Work instruction: Would you give the listing again exactly as written, minus its pictures?

Input data:
..............................
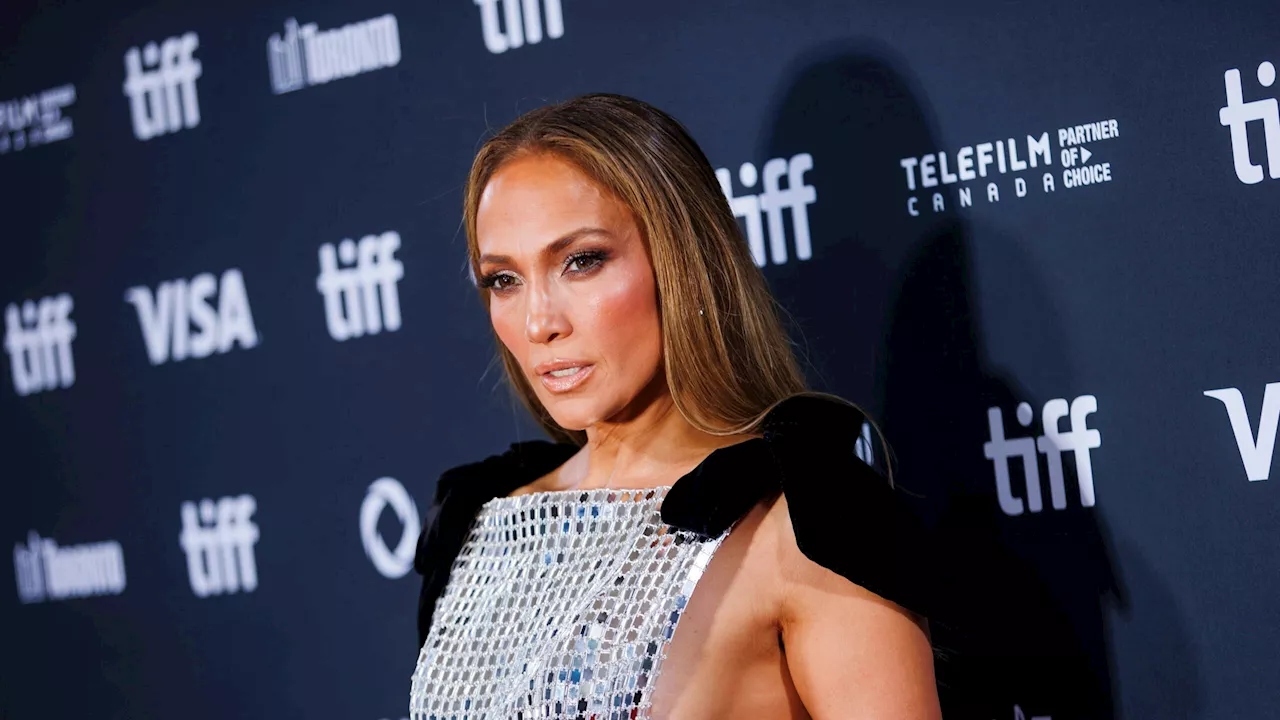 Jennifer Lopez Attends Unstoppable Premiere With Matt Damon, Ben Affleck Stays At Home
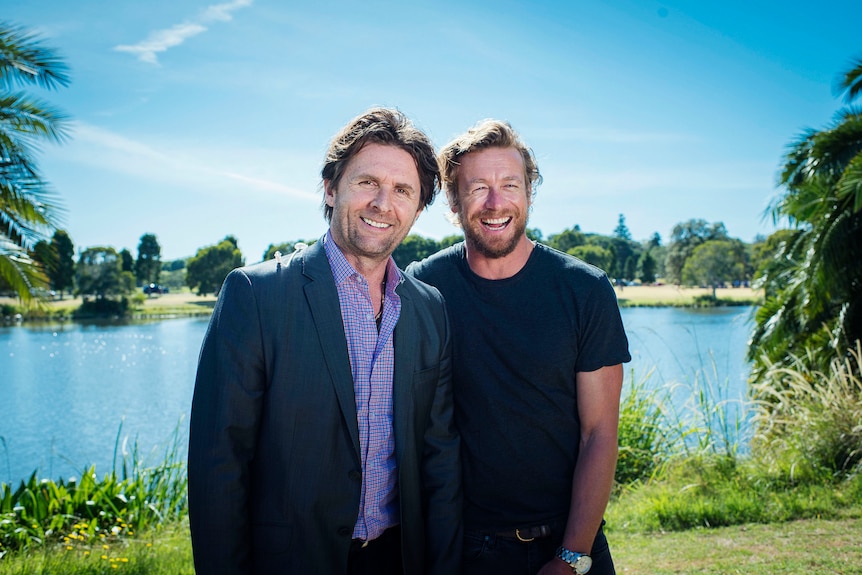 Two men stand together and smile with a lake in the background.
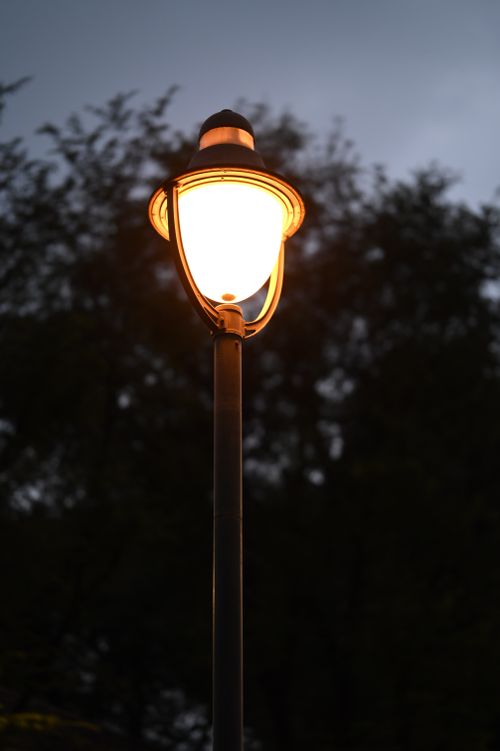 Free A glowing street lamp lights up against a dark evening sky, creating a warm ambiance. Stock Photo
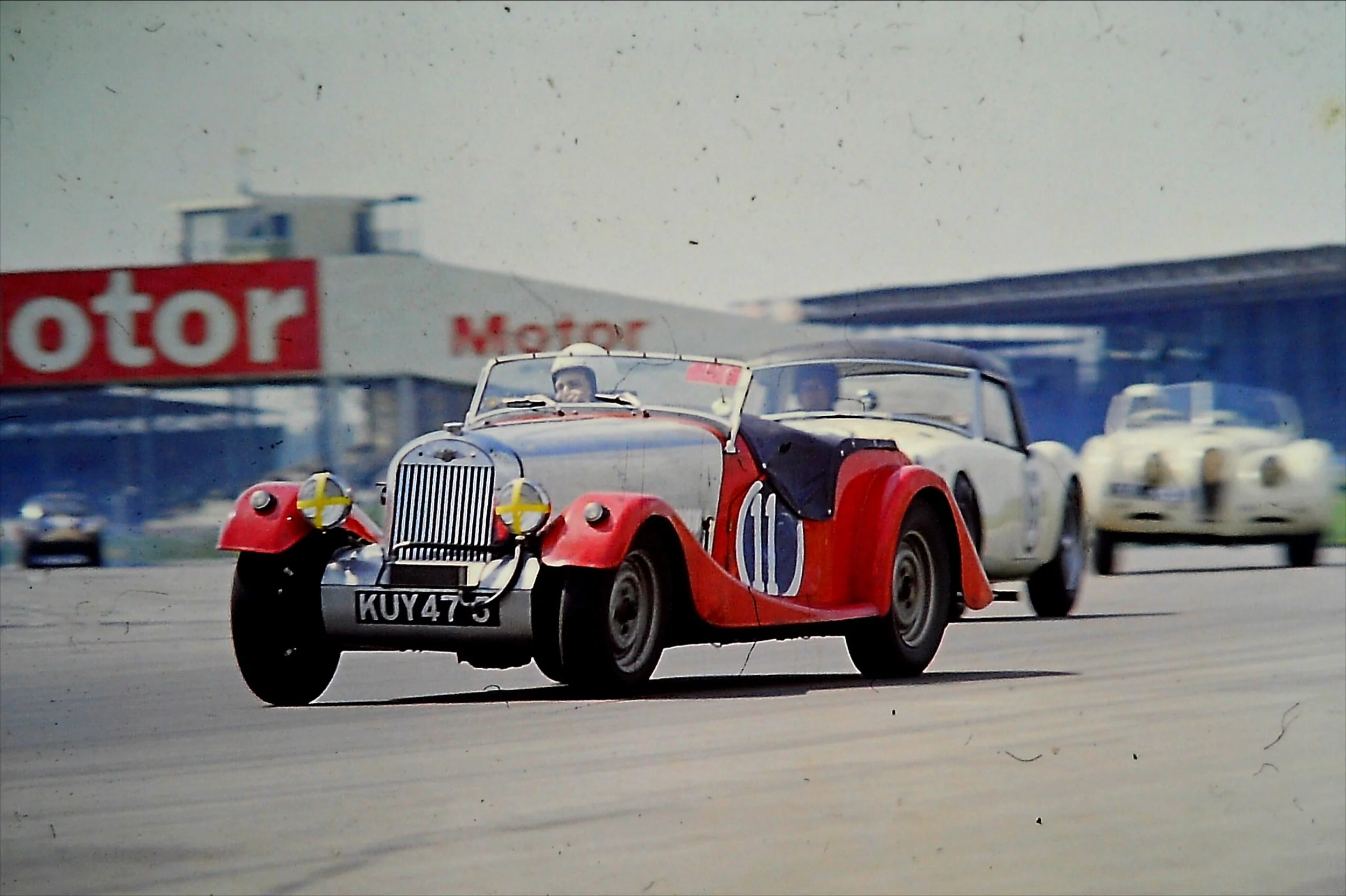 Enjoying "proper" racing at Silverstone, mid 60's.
..............................
Response to this exercise:
 Jennifer Lopez Attends Unstoppable Premiere With Matt Damon, Ben Affleck Stays At Home
 Two men stand together and smile with a lake in the background.
 Free A glowing street lamp lights up against a dark evening sky, creating a warm ambiance. Stock Photo
 Enjoying "proper" racing at Silverstone, mid 60's.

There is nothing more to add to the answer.